If you use CountVectorizer's built-in stop_words='english', it tries to remove words before they are lemmatized.
* The Problem: "Organizing" might be in a stop-word list, but its lemma "organize" might not be.
* The Result: You end up with "messy" data where some versions of a word are removed and others aren't.


In [None]:
v = CountVectorizer(ngram_range=(1,2)) 
v.fit(corpus_processed)
v.vocabulary_


Now generate bag of n gram vector for few sample documents

In [None]:
v.transform(['Thor eat pizza']).toarray()

Let's take a document that has out of vocabulary (OOV) term and see how bag of ngram generates vector out of it

In [None]:
v.transform(['Tanu eat snacks']).toarray()

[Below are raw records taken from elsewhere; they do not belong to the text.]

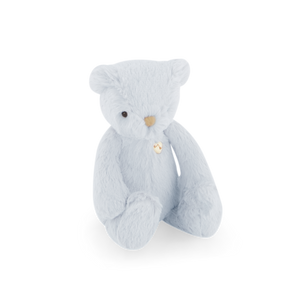 Snuggle Bunnies - George the Bear - Droplet  **Preorder**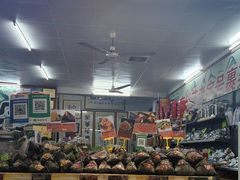 -鼎香皇高佬苏裹蒸粽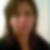 Profilbild von Andrea Kapitzke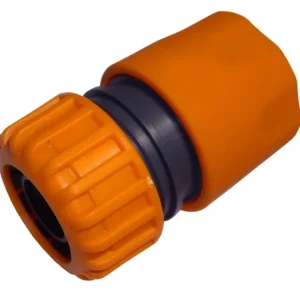 Akció gyorscsatlakozó lábak 1/2" és 5/8"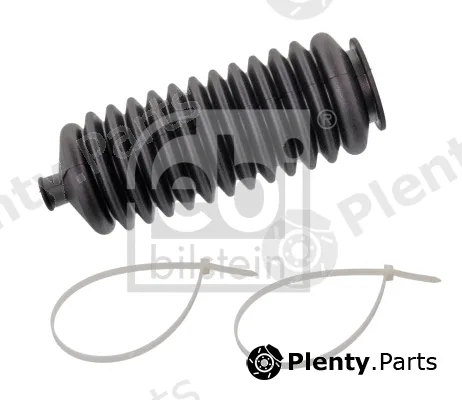 febi bilstein 21170 — Bellow, steering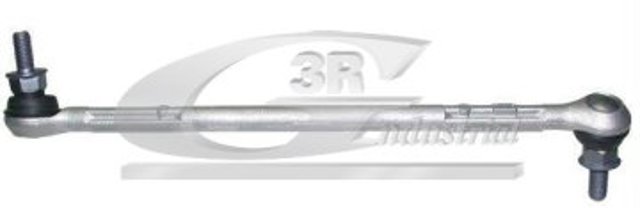 21126 3RG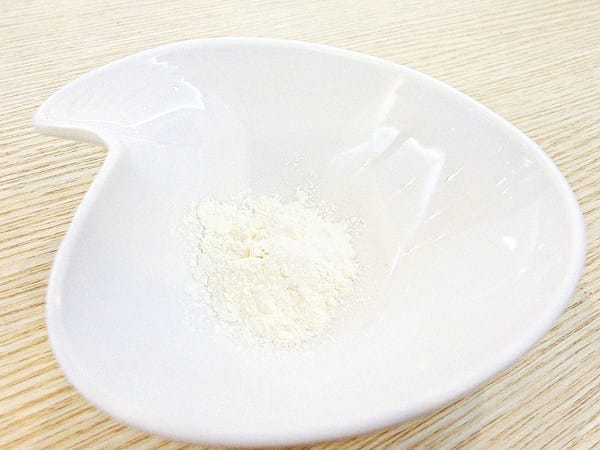 豐傑生醫:【豐傑生醫】爽快人生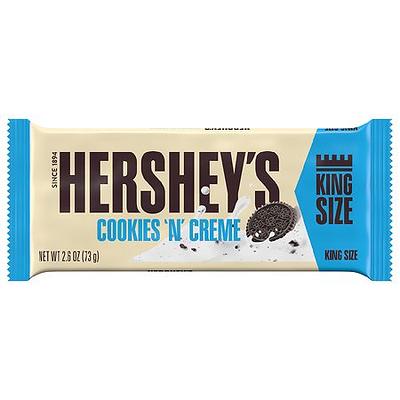 M&M's Milk Chocolate Minis Sharing Size Candies - 9.4oz - Yahoo Shopping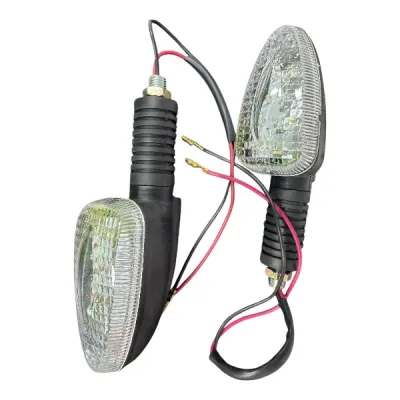 Semnalizari Moto BMW R1100 R1150 R1200 K1200 Set 2 A2111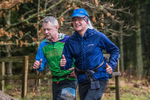 Glentress 21  10K-613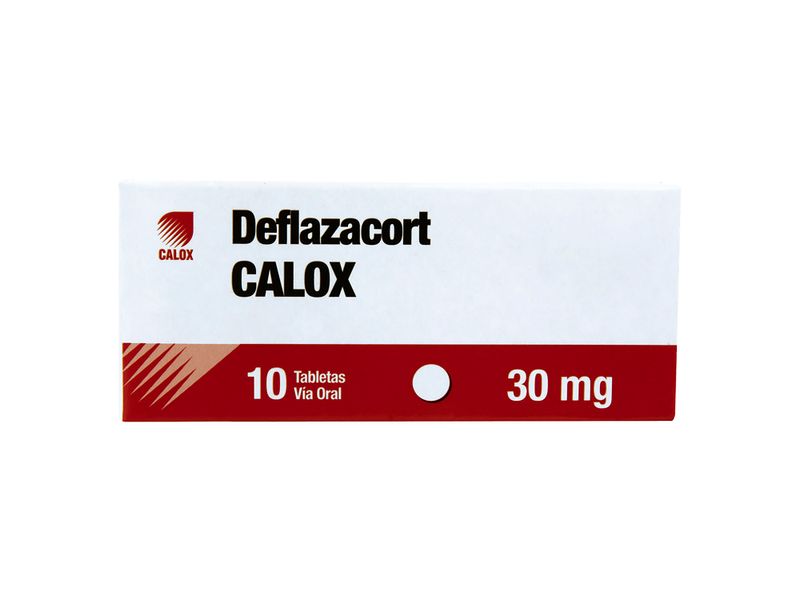 Calox-Deflazacort-30Mg-10-Tabletas-1-29658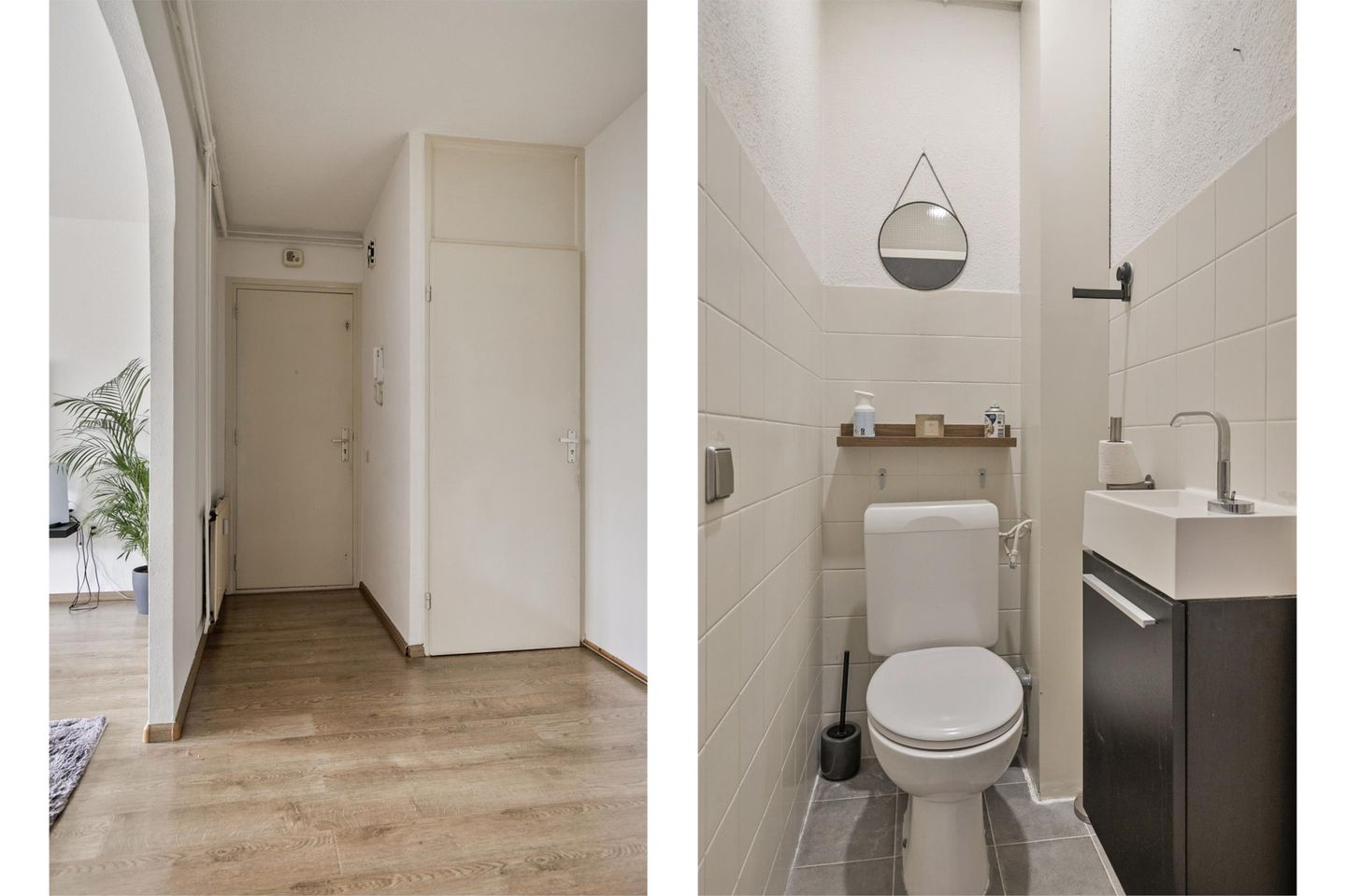 Photo 4 of Gilzerschans 12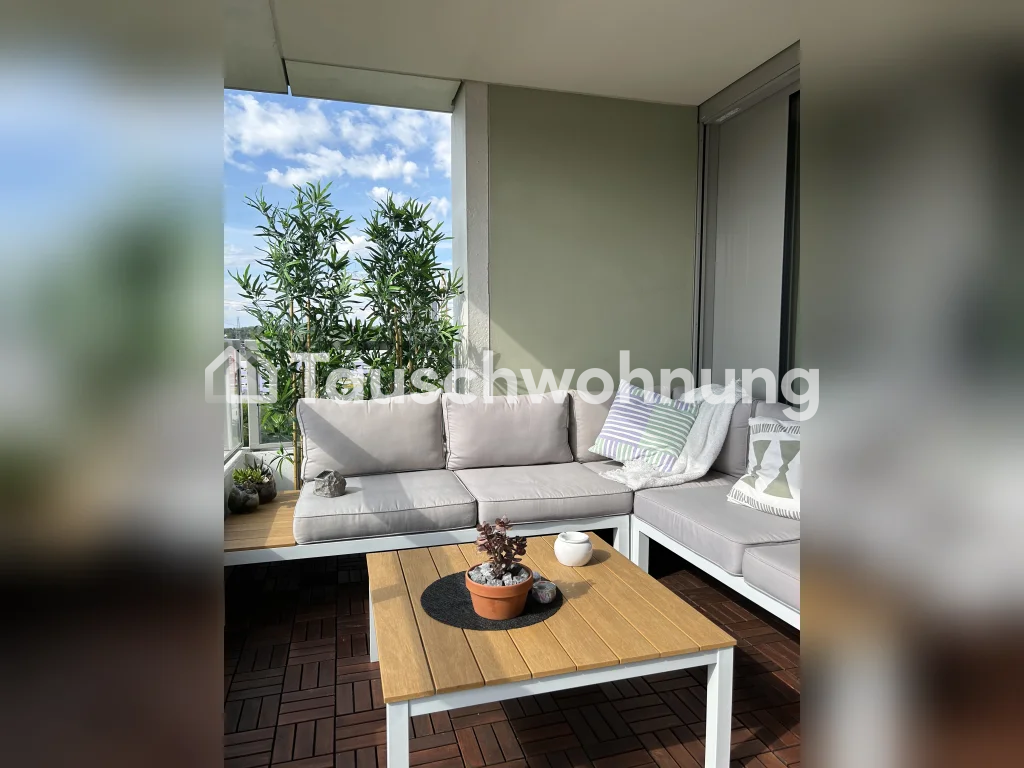 3 ½ rooms apartment, photo 5 of 10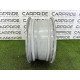 Диск колёсный 5x120 R17 7.5JX17 ET40 (диски на авто) BMW X3 F25 2012 3.0 36116761929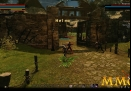 Dragons-Prophet-Gates.jpg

* News Category Classification Problem : 
Here we want to do a news category classification. We will use bag of n-grams and traing a machine learning model that can categorize any news into one of the following categories,

* BUSINESS
* SPORTS
* CRIME
* SCIENCE

In [None]:
import pandas as pd
df = pd.read_json('news_dataset.json')
print(df.shape)
df.head()

In [None]:
df.category.value_counts()

In [None]:
min_samples = 1381

df_business = df[df.category=='BUSINESS'].sample(min_samples,random_state=2022)
df_sports = df[df.category=='SPORTS'].sample(min_samples,random_state=2022)
df_crime = df[df.category=='CRIME'].sample(min_samples,random_state=2022)
df_science = df[df.category=='SCIENCE'].sample(min_samples,random_state=2022)

In [None]:
df_balanced = pd.concat([df_business,df_sports,df_crime,df_science],axis=0)
df_balanced.category.value_counts()

In [None]:
df.head()

In [None]:
df.shape

In [None]:
target = {'BUSINESS':0,'SPORTS':1,'CRIME':2,'SCIENCE':3}

df_balanced['category_num'] = df_balanced['category'].map(target)

In [None]:
df_balanced.head()

In [None]:
df_balanced['preprocessed_txt'] = df_balanced['text'].apply(preprocess)

In [None]:
df_balanced.head()

In [None]:
from sklearn.model_selection import train_test_split

In [None]:
X_train,X_test,y_train,y_test = train_test_split(df_balanced.preprocessed_txt,df_balanced.category_num,test_size=0.25,random_state=2022,stratify=df_balanced.category_num)

In [None]:
y_train.value_counts()

In [None]:
y_test.value_counts()

In [None]:
from sklearn.pipeline import Pipeline

In [None]:
from sklearn.naive_bayes import MultinomialNB
clf = Pipeline([
    ('vectorizer',CountVectorizer(ngram_range=(1,2))),
    ('nb',MultinomialNB())
])

In [None]:
clf.fit(X_train,y_train)

In [None]:
y_pred = clf.predict(X_test)

In [None]:
from sklearn.metrics import classification_report,confusion_matrix
print(classification_report(y_test,y_pred))

In [None]:
cm = confusion_matrix(y_test,y_pred)
cm

In [None]:
import matplotlib.pyplot as plt
import seaborn as sns
plt.figure(figsize=(8,6))
sns.heatmap(cm,annot=True,fmt='d')
plt.xlabel('Prediction')
plt.ylabel('Truth')